Personal information
- Native name: Іван Олексійович Шмуратко
- Full name: Ivan Oleksiyovych Shmuratko
- Born: December 21, 2001 (age 24) Kyiv, Ukraine
- Height: 1.76 m (5 ft 9 in)

Figure skating career
- Country: Ukraine
- Discipline: Men's singles
- Coach: Mykhailo Leiba Ivan Shmuratko
- Skating club: Leader Kyiv
- Began skating: 2006

Medal record
Ukrainian Championships
| Gold medal – first place | 2019 Kyiv | Singles |
| Gold medal – first place | 2020 Kyiv | Singles |
| Gold medal – first place | 2021 Kyiv | Singles |
| Gold medal – first place | 2022 Kyiv | Singles |
| Silver medal – second place | 2024 Bohuslav | Singles |
| Silver medal – second place | 2026 Bohuslav | Singles |
| Bronze medal – third place | 2017 Kyiv | Singles |
| Bronze medal – third place | 2018 Kyiv | Singles |
Winter Youth Olympics
| Silver medal – second place | 2016 Hamar | Team |

= Ivan Shmuratko =

Ukrainian figure skater

Ivan Oleksiyovych Shmuratko (Іван Олексійович Шмуратко, born December 21, 2001) is a Ukrainian figure skater. He is the 2024 CS Warsaw Cup bronze medalist, 2018 Volvo Open Cup bronze medalist, 2018 Bosphorus Cup silver medalist, and four-time Ukrainian national champion (2019–22). He has competed in the final segment at six ISU Championships and represented Ukraine at the 2022 Winter Olympics.

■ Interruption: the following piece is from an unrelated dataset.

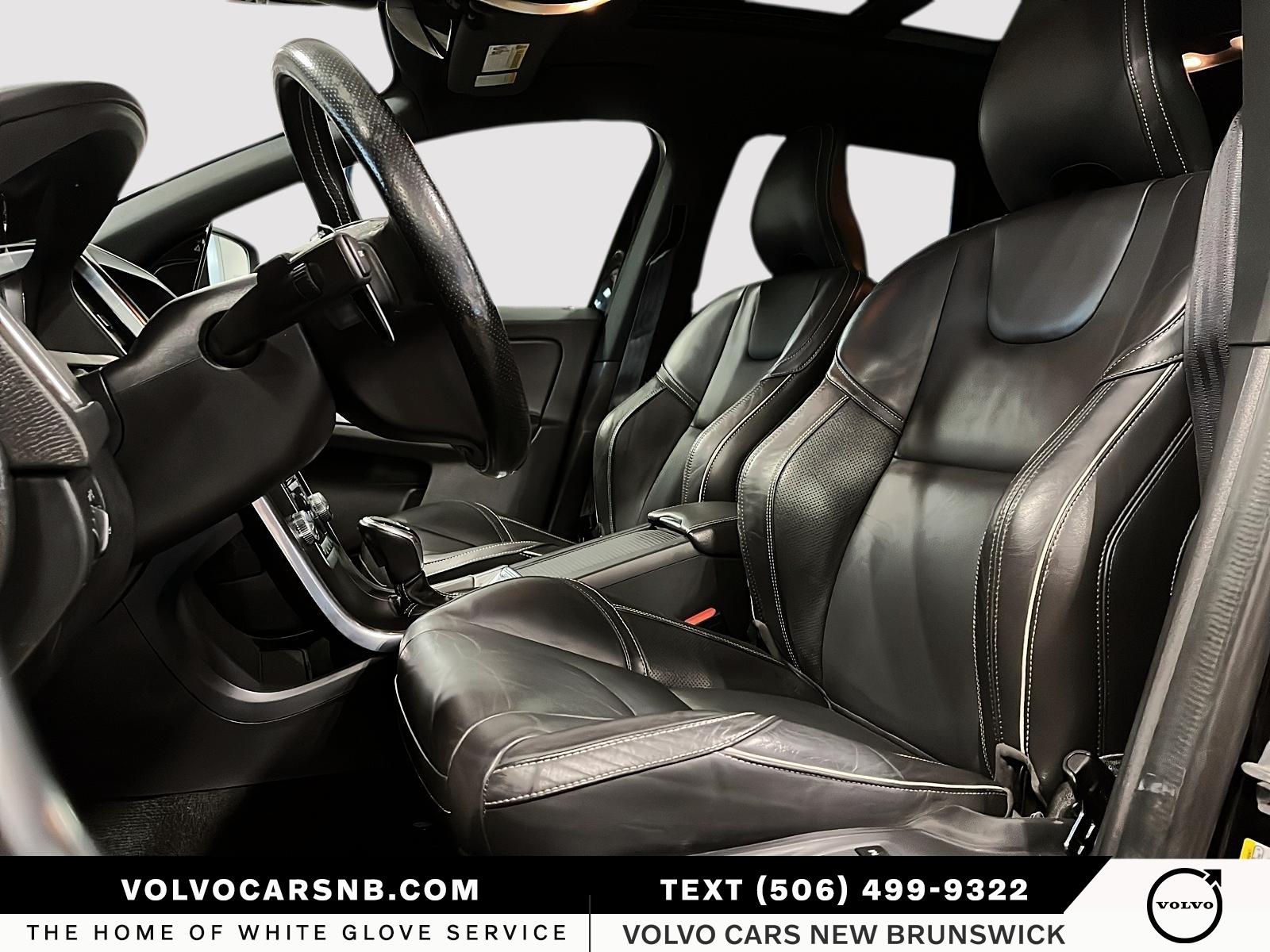 2017 Volvo XC60 T6 Drive-E R-Design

On the junior level, he is the 2019 JGP Italy bronze medalist and silver medalist in the team event at the 2016 Youth Olympics.

== Personal life ==
Shmuratko was born on December 21, 2001, in Kyiv, Ukraine. He has a younger brother named Ilya.

He is fluent in Russian, Ukrainian, and English.

==Career==
=== Early years ===
Shmuratko started learning to skate in 2006 at the age of four and a half years old after his parents signed him up for the sport on the advice of his doctors to improve the catarrhal diseases that he suffered from as a child. In the 2014–15 season, he won bronze at the Ukrainian Junior Championships.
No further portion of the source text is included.